With the formation of Rouhani’s moderate government, an opposition movement, namely the Green Movement, almost lost its relevance inside Iran. Particularly because of the daily attacks of hard-line newspapers and websites, as well as hard-liners in the parliament and the conservative clergies on Rouhani and his team, his popularity among the former supporters of the Green Movement remains unshaken, if not enhanced.

As a result of the weakening of the opposition inside Iran, the opposition outside of the country is significantly pacified, certainly when compared to the Ahmadinejad era. The advocates of the Green Movement who reside outside of Iran rarely hold interviews with the western media outlets or publish articles in credible American or European newspapers. The TV station of Voice of America has stopped giving considerable airtime to the Iranian opposition, which sought to overthrow the system by encouraging people inside Iran to engage in anti-government protests and other forms of civil disobedience.

Based on some reports, the case of Mousavi and Karroubi, the two leaders of the Green Movement who were put under house arrest in 2011 after their call for a demonstration in support of the uprisings in Tunisia and Egypt, has been given to the National Security Council to deal with. Ali Shamkhani, the current secretary of the National Security Council, who was appointed to the post by Hassan Rouhani last year, was Mohammad Khatami’s minister of defense for the whole eight years of the reformist’s presidency. He was dismissed when Ahmadinejad took office in 2005.

Shamkhani is considered a moderate but has good relations with reformists. Sources in Iran say that he is willing to bring Mousavi and Karroubi’s case to an end. However, there is fierce opposition to their freedom from the hard-liners’ camp. According to them, these “leaders of the sedition” — which refers to the street protests of 2009 and 2010 — must be tried under the charges of betraying the country.

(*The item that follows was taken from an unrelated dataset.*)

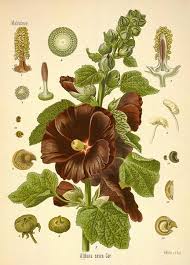It's a good choice for growing as a perennial, as it will reliably regrow each year. A Modern Herbal Hollyhock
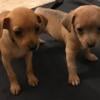 Sweet little chihuahua puppies PRICE REDUCED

Despite his promise to make efforts to free the political prisoners, in particular Mousavi and Karroubi, Rouhani has chosen complete silence in this respect. Some observers in Iran assert that while the government is engaged in its mega-agenda of bringing the nuclear issue to an end, which in itself has caused a great amount of friction between him and his government on one side and the hard-liners on the other, he will not open new battlefront against the hard-liners. 

That said, in February, Mohammad Javad Zarif, Iran’s minister of foreign affairs, without mentioning their names, said that Rouhani would honor his commitment with regard to ending Mousavi and Karroubi’s house arrest. As it appears, any serious activity toward the freedom of the two Green Movement leaders should be expected after the resolution of the nuclear standoff.